WHAT YOU NEED TO DO: The material below holds pictures, which are to be left out; copy exactly the lines from the one with "Седан Tesla Model 3 2018 в Львові" through the one with "815 Burlington St, Holdrege, NE 68949".

RECORDS FOR THE EXERCISE:
┄┄┄┄┄┄

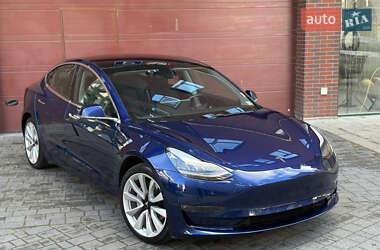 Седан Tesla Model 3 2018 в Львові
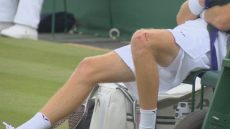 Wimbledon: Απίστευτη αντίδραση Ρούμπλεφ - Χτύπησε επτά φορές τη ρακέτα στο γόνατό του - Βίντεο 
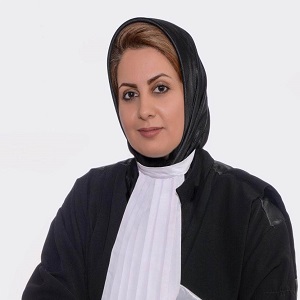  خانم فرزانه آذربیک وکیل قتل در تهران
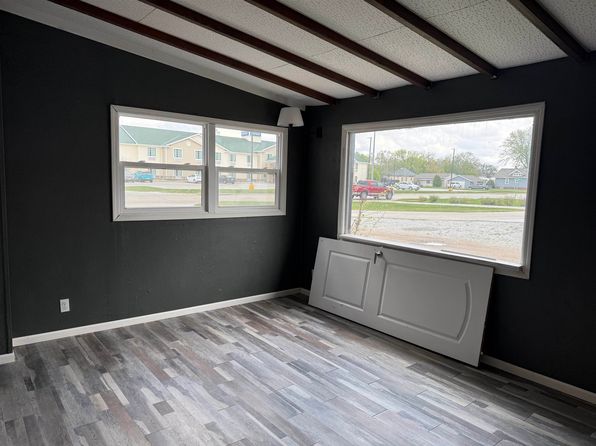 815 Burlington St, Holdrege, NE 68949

┄┄┄┄┄┄

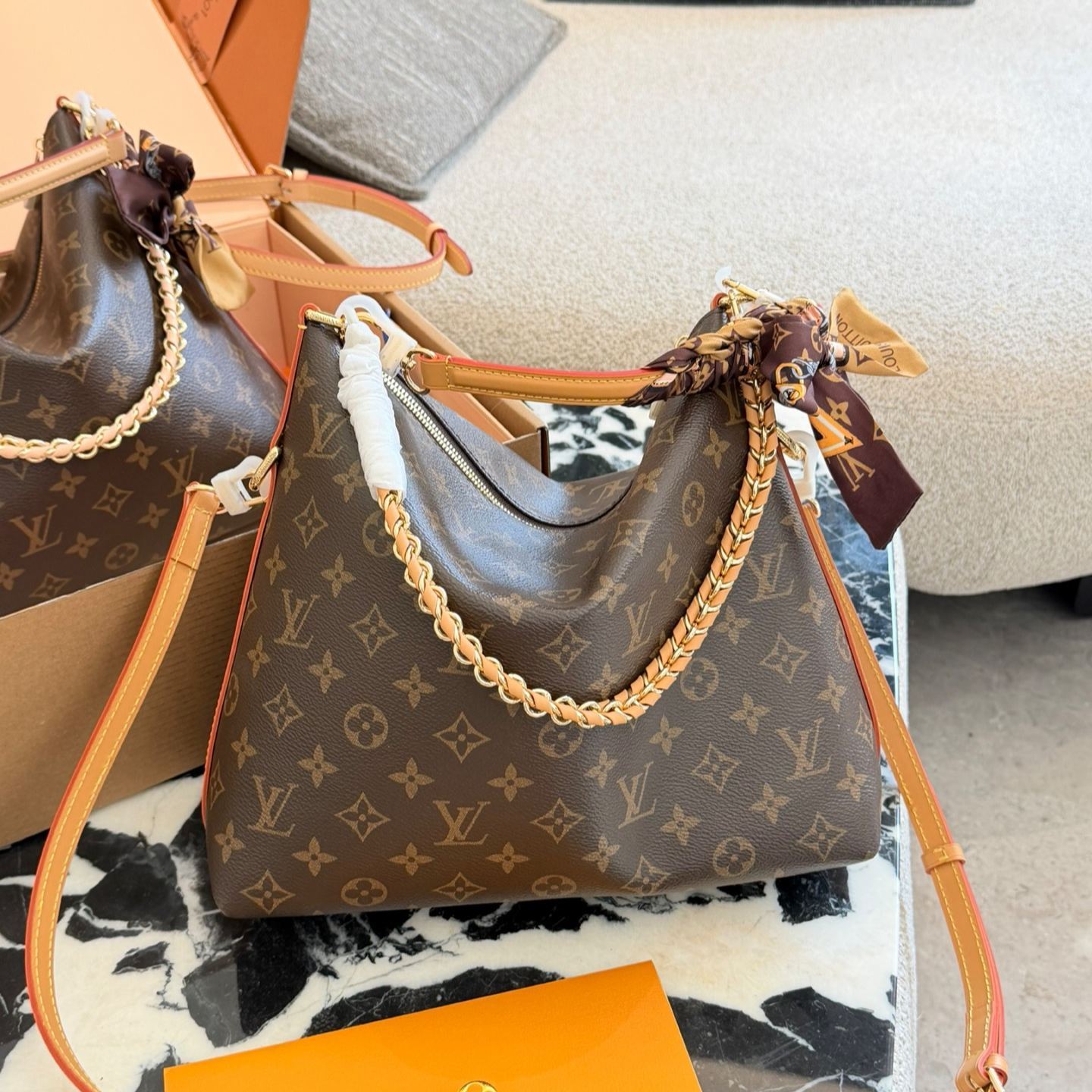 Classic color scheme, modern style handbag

┄┄┄┄┄┄

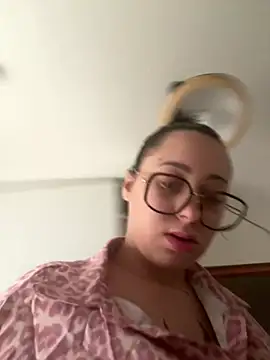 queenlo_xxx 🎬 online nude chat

┄┄┄┄┄┄

TASK ANSWER:
 Седан Tesla Model 3 2018 в Львові
 Wimbledon: Απίστευτη αντίδραση Ρούμπλεφ - Χτύπησε επτά φορές τη ρακέτα στο γόνατό του - Βίντεο 
  خانم فرزانه آذربیک وکیل قتل در تهران
 815 Burlington St, Holdrege, NE 68949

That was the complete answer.